French usufruits on the decease of a spouse: disposition or devolution

S.43(2) ITA 1984 refers to “disposition or dispositions” both in the first and second paragraphs in which a settlement, for IHT purposes only, is defined.

Articles 754, 757 and 912 of the French Code civil lay down clearly that the transfers on death to reserved heirs of which the surviving spouse is listed as one, take place by devolution not by way of a disposition. The time when a disposition is required is generally when a transfer is made to a person outside the reserved blood line or the spouse.

The surviving spouse has the right to a usufruit on the deceased spouse’s decease which may be extended by a testamentary disposition, but which does not change the process by which it takes place namely by a devolution, through articles 724 and 731. .

That meas that s.43(2) ITA 1984 is of no application to a surviving spouse’s legal usufruit as it is not “disposed of” by an express disposition and therefore by a settlement. The fiction in s.43(2) ITA 1984 ends where there is no disposition or dispositions.

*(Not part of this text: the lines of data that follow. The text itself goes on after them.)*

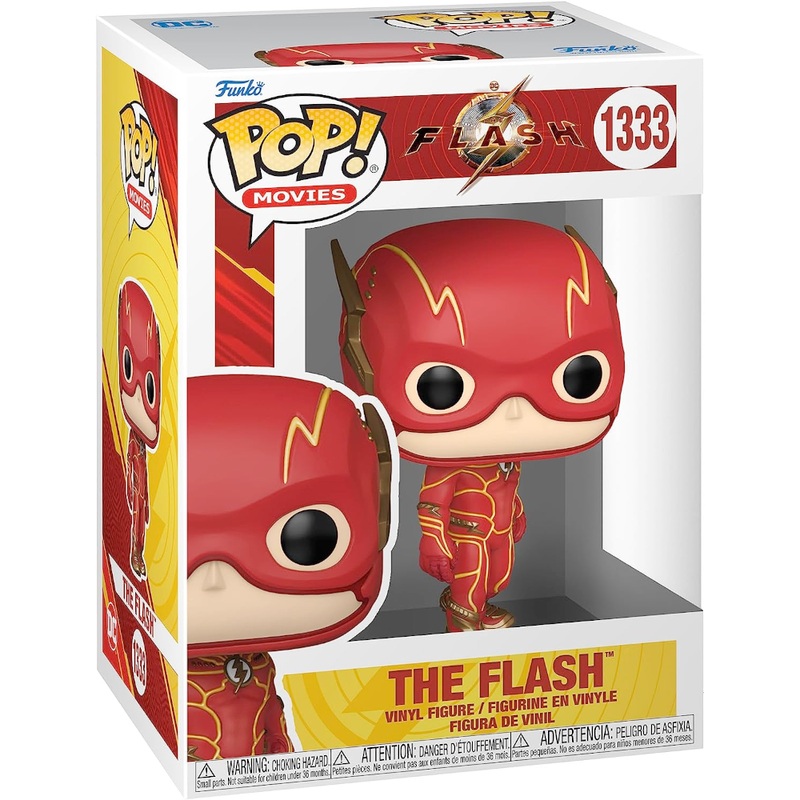 Funko Pop Movies:   The Flash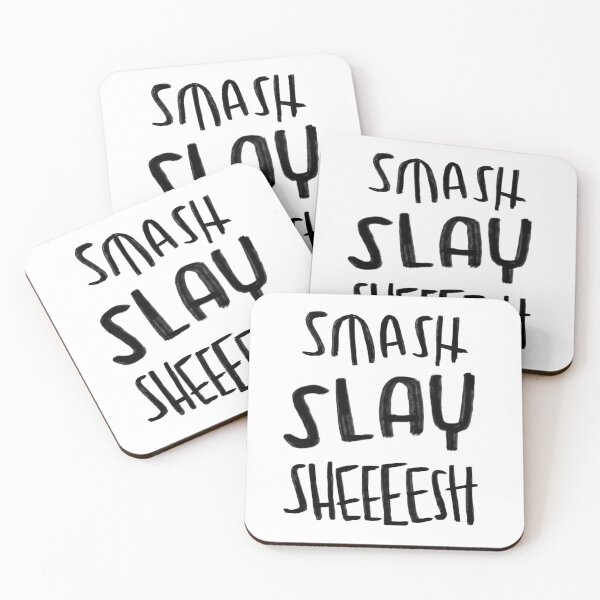 Item preview, Youth word mix, sheeesh, slay designed and sold by badlydrawnbabe.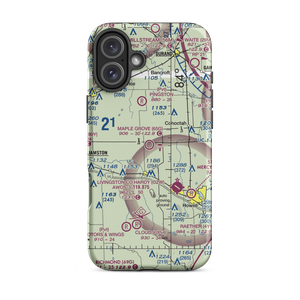 Maple Grove Airport (65G) VFR Sectional  Tough iPhone Case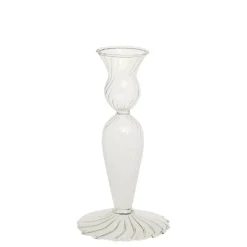 Chic Antique Kerzenständer für Stabkerzen dekorativ geformt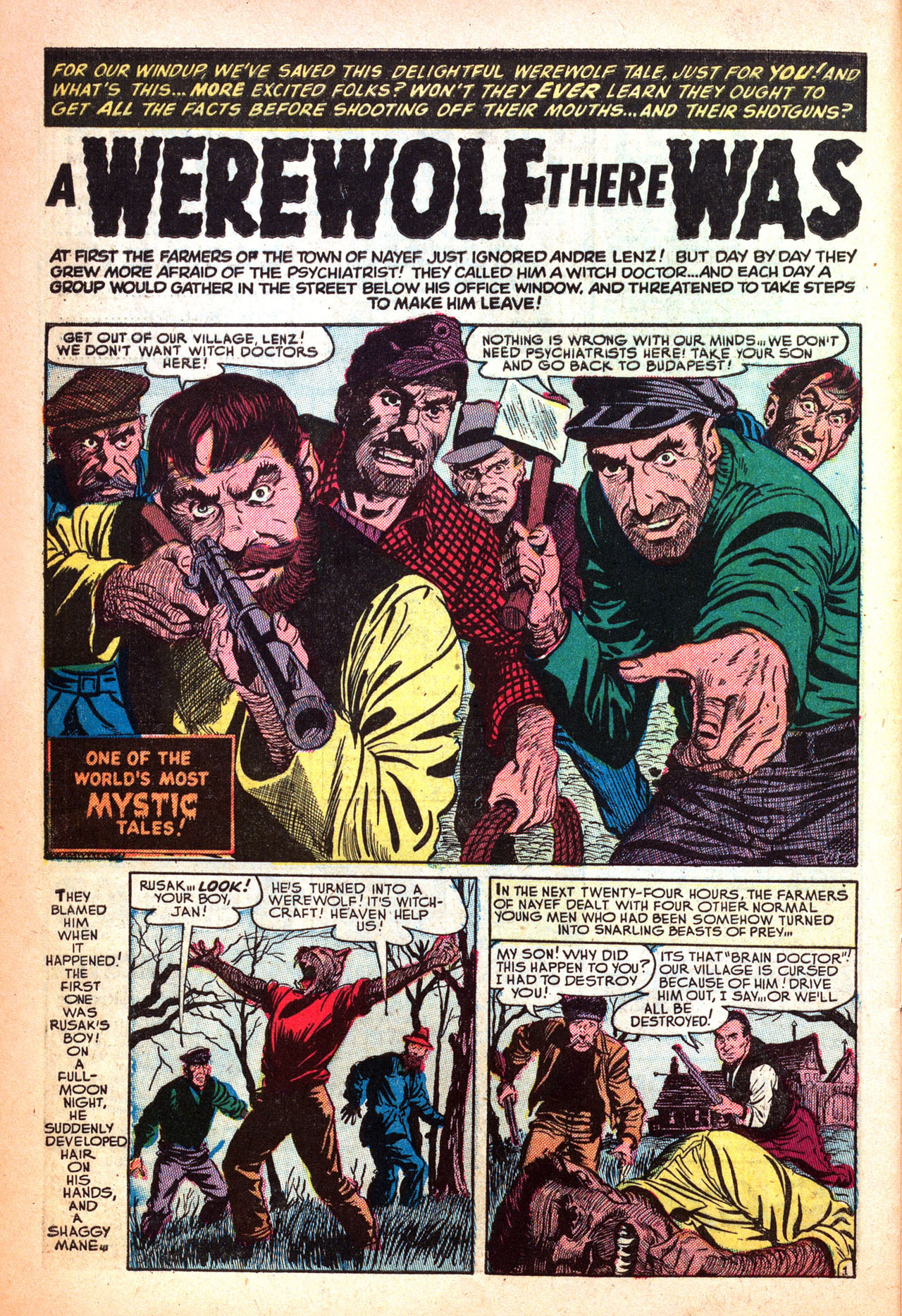 Read online Mystic (1951) comic -  Issue #32 - 28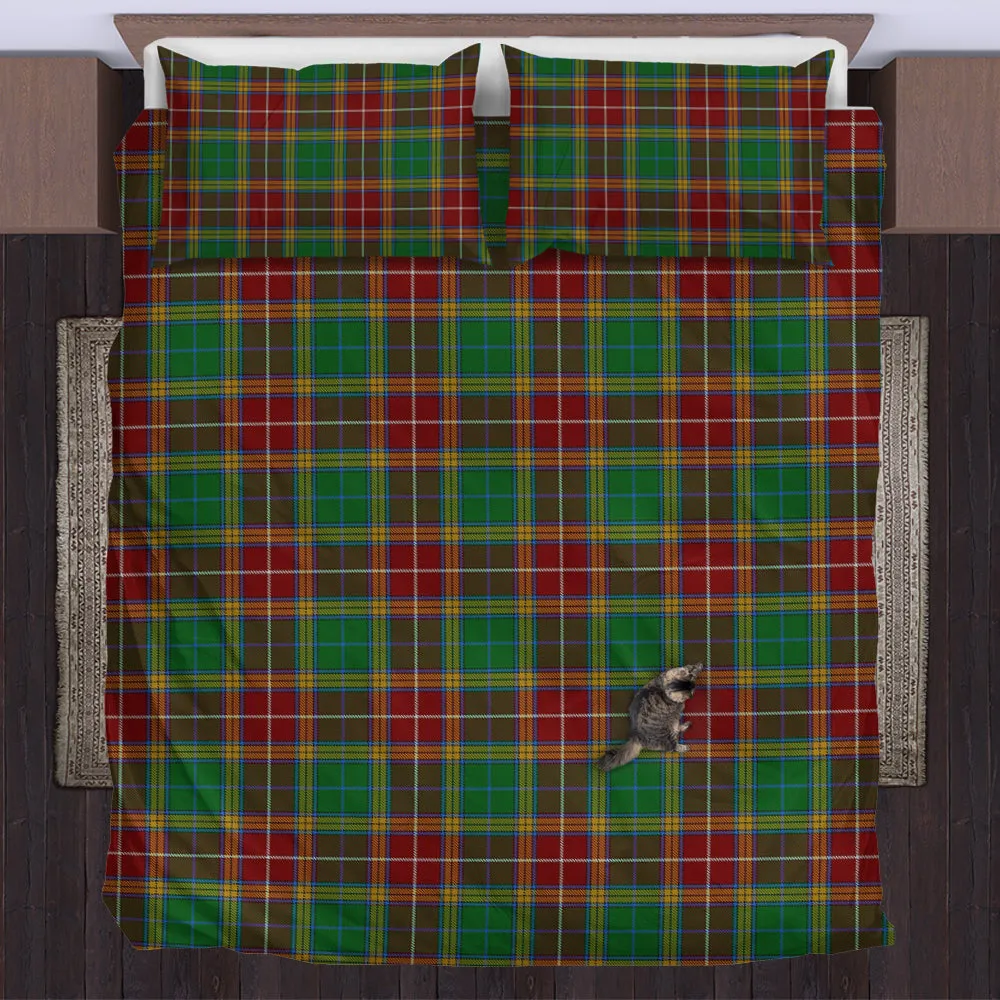 Baxter Tartan Bedding Set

To cite Lord Wilberforce’s succinct summary of a fundamental principle of the law of England, you cannot have a settlement without a trust (Roome and Denne v. Edwards). Settlements developed through the Chancellor’s Court in relation to the common law and could only operate through the medium of a trust. Therefore absent a trust “disposition”, there can be no settlement. It is only the legal rights in a deed creating a Scottish Proper Liferent that are treated as settled property by reerne to the deed only, not I hasten to add as “an interest in possession in settled property” the latter being the issue which their Lordships addressed in Pearson, not the somewhat imprecise term a life interest referred to in the headnote and then fastened upon by the Revenue.

That is why the pre-2006 massage of a Treaty credit referred to in a previous posting was only a tolerance, not a form of legal disposition. No settlement is in fact created by the surviving spouse taking their statutory rights which devolve to them by operation of law not by way of a disposition or as some form of a “beneficial interest” invented by the overheated imagination of an English civil servant.

Furthermore as such, a usufruit extinguishes at death by law. There is no transfer or disposition of it unless it is expressed to be successive.

There is a fundamental difference between organising or restricting the extent of the devolution by a will and an outright testamentary disposition of the type defined in s.43(2) ITA and required in its second paragraph.